I spent the day on a training course today.
That was fun.
Allow me to introduce you to Captain Tourettes. He sat opposite me muttering swear words under his breath every 30 seconds.
Oh! And here’s his sidekick Nutjob Bobby! Bobby told me all about being in the army, being homeless for ten years and doing six years in Parkhurst for GBH, while I was trying to enjoy my lunch. I was also privy to inside information on the building site accident that buggered up his back, his sexuality, the knee injury that forced him to leave the army, and his former crack and heroin habit. And let’s not forget the graphic demonstration of the fight that got him slammed up – “So I just walked up to him right, and grabbed him like this and BOSH – nutted the fucker. Broke his nose I did. Then I really got stuck in – broke him in about sixteen places.”
THANKS BOBBY! That really put me at my ease.
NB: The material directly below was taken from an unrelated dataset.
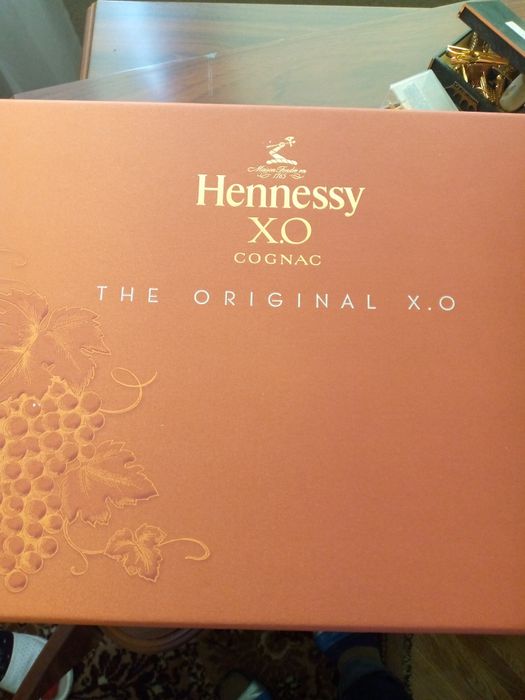 Подарунковий оригінальний набір Hennessey X.O.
The course didn’t teach me much, but my fellow students were a real education.
I'm might start a comic strip called Captain Tourettes and Nutjob Bobby. That'd be cool. I can't draw though. Anybody want to have a crack?


You'd be singled out by the Discrimination Board and beaten to within an inch of your life and crippled by the Disabilities Commission if you tried to publish a strip called that.
I'll buy a pencil.
I've got a friend who can draw
Show me a script, and I'll have a go.
Hurrah!
Peanut and Pockless, the new Kavalier and Clay.